─── Available data ───

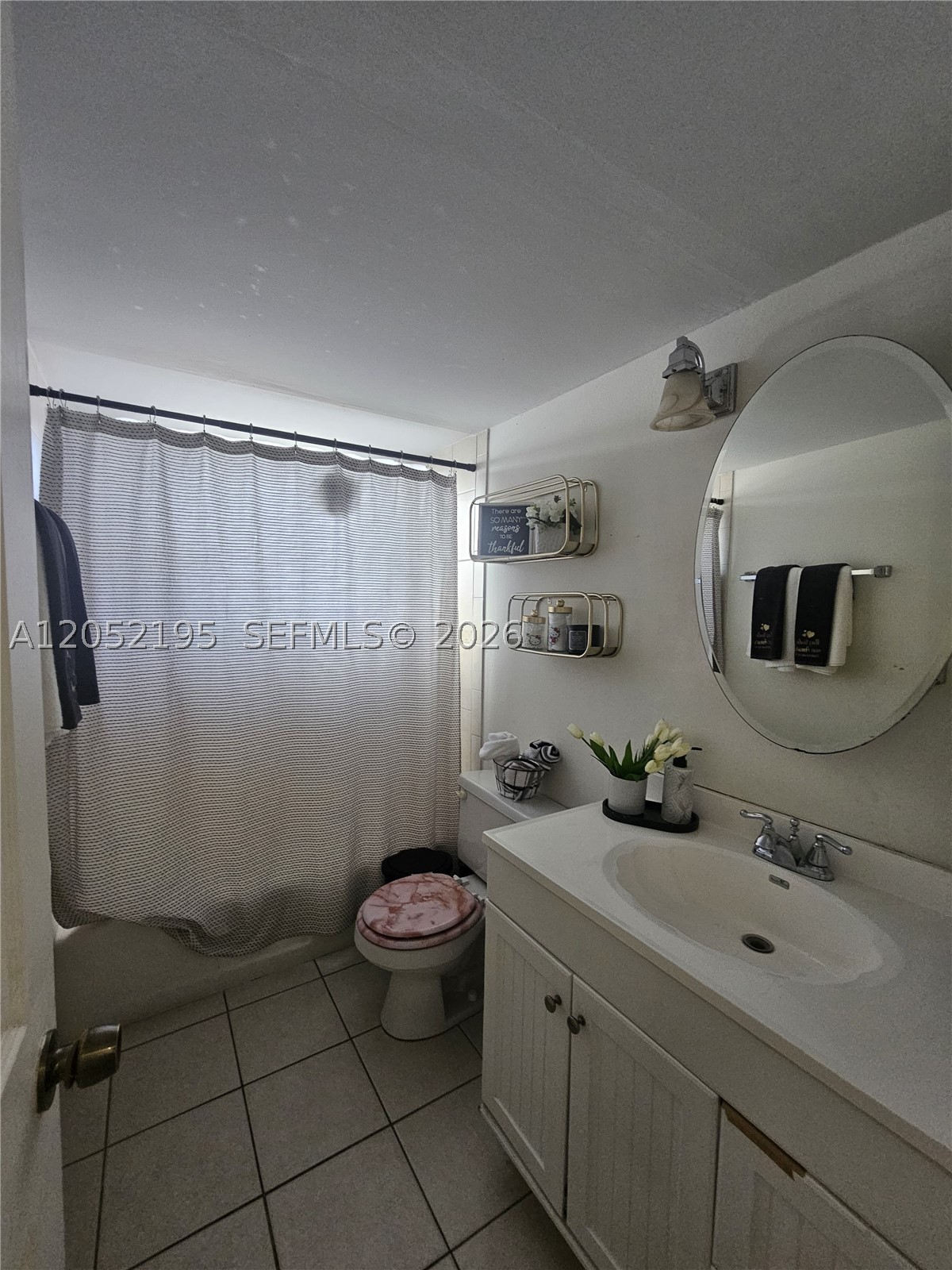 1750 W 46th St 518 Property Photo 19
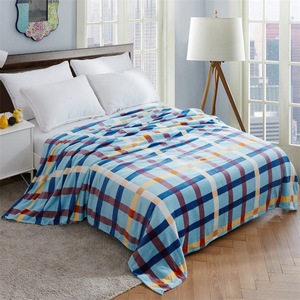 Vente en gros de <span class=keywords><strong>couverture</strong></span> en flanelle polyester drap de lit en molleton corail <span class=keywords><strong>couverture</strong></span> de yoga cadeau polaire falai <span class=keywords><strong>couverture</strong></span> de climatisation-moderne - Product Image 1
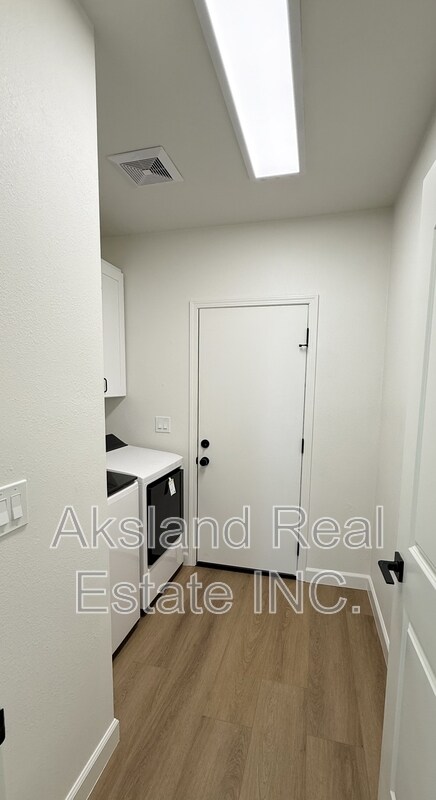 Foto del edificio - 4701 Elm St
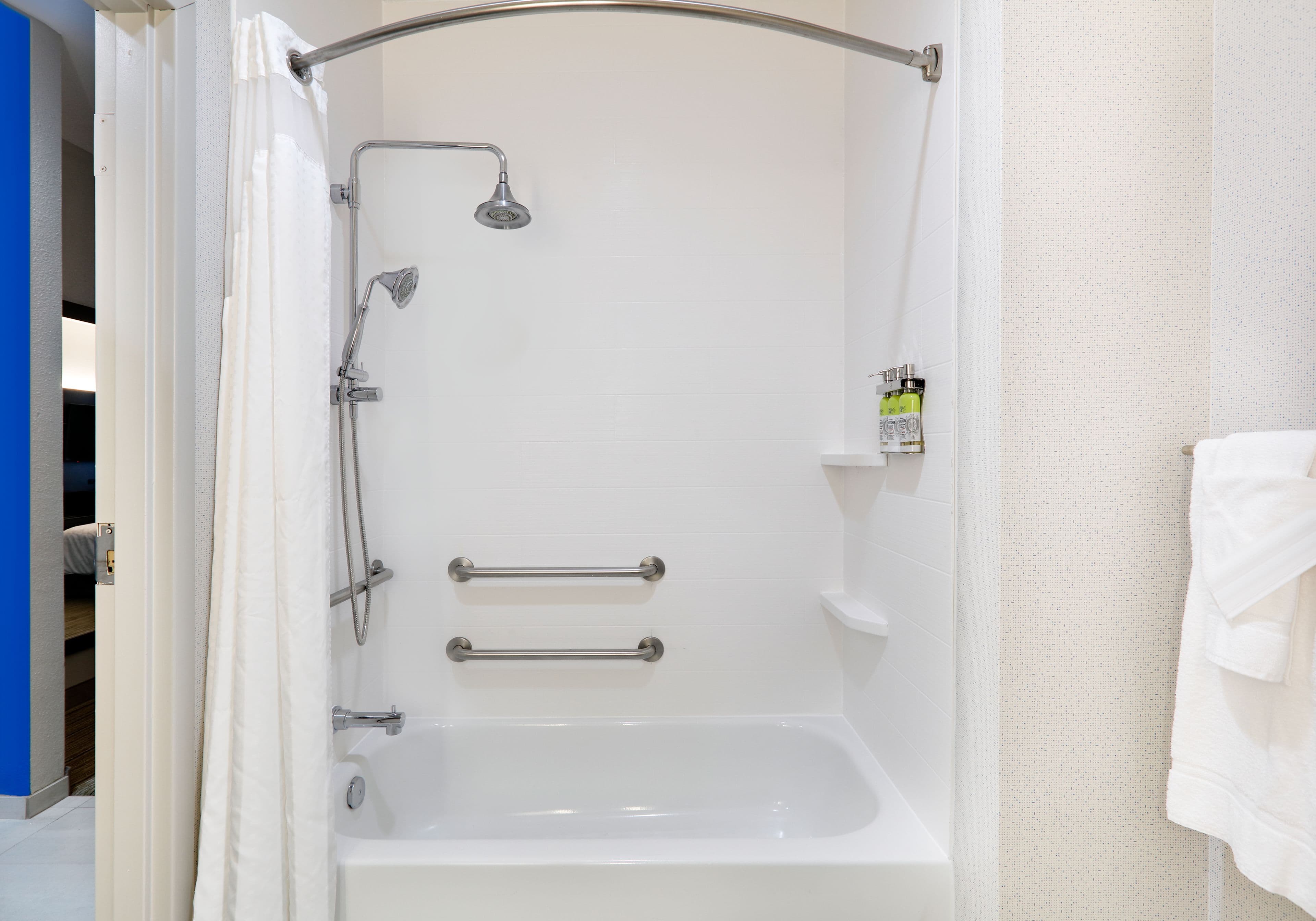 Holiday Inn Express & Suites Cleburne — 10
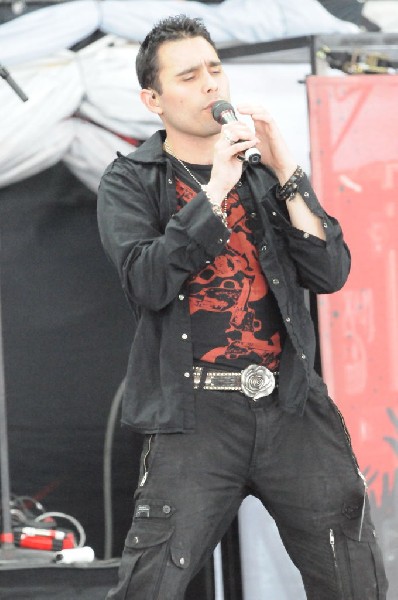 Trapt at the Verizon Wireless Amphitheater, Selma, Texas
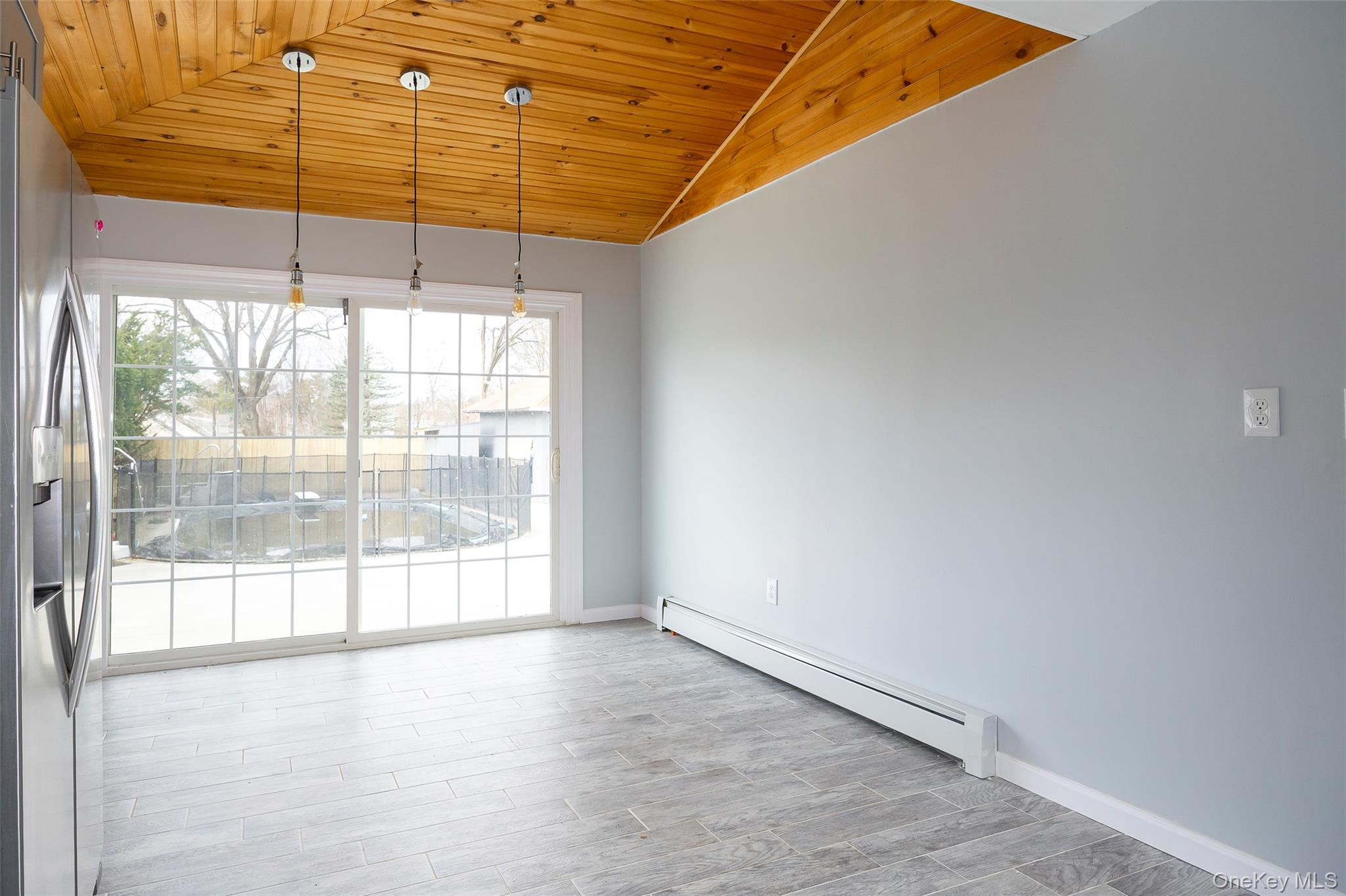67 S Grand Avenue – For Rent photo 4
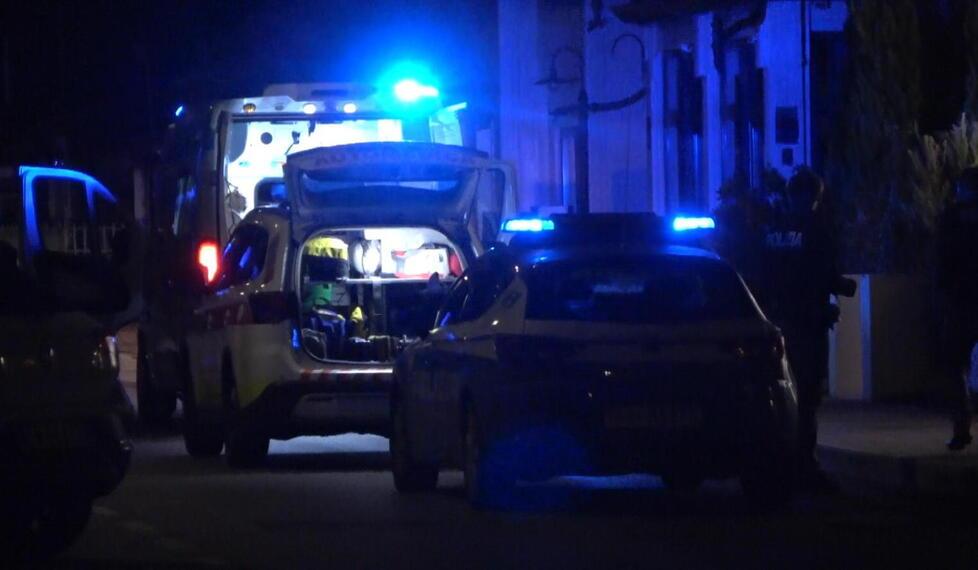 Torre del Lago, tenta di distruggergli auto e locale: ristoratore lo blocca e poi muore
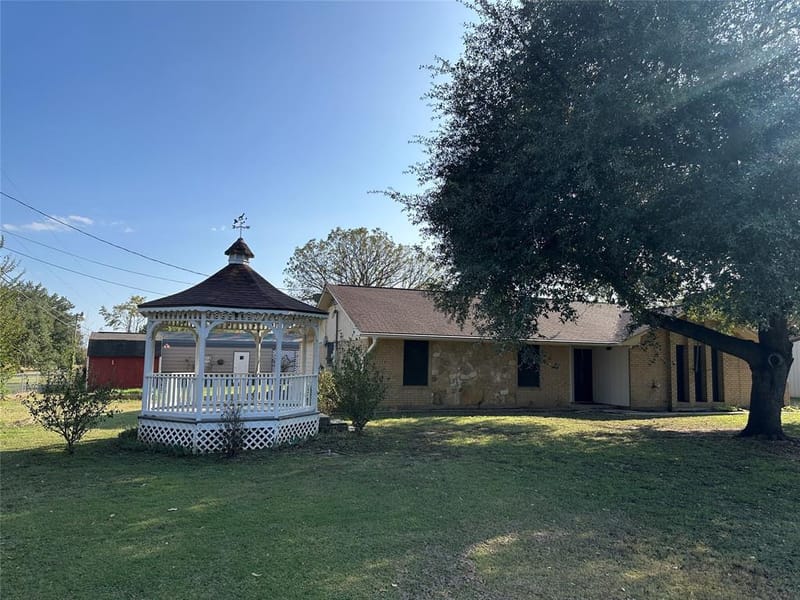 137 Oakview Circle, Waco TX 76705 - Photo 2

───

**What to do:**
Only the lines from the one containing "Trapt at the" through the end of the records above should be retyped, exactly as they stand, with any pictures left out.

**The answer:**
 Trapt at the Verizon Wireless Amphitheater, Selma, Texas
67 S Grand Avenue – For Rent photo 4
 Torre del Lago, tenta di distruggergli auto e locale: ristoratore lo blocca e poi muore
 137 Oakview Circle, Waco TX 76705 - Photo 2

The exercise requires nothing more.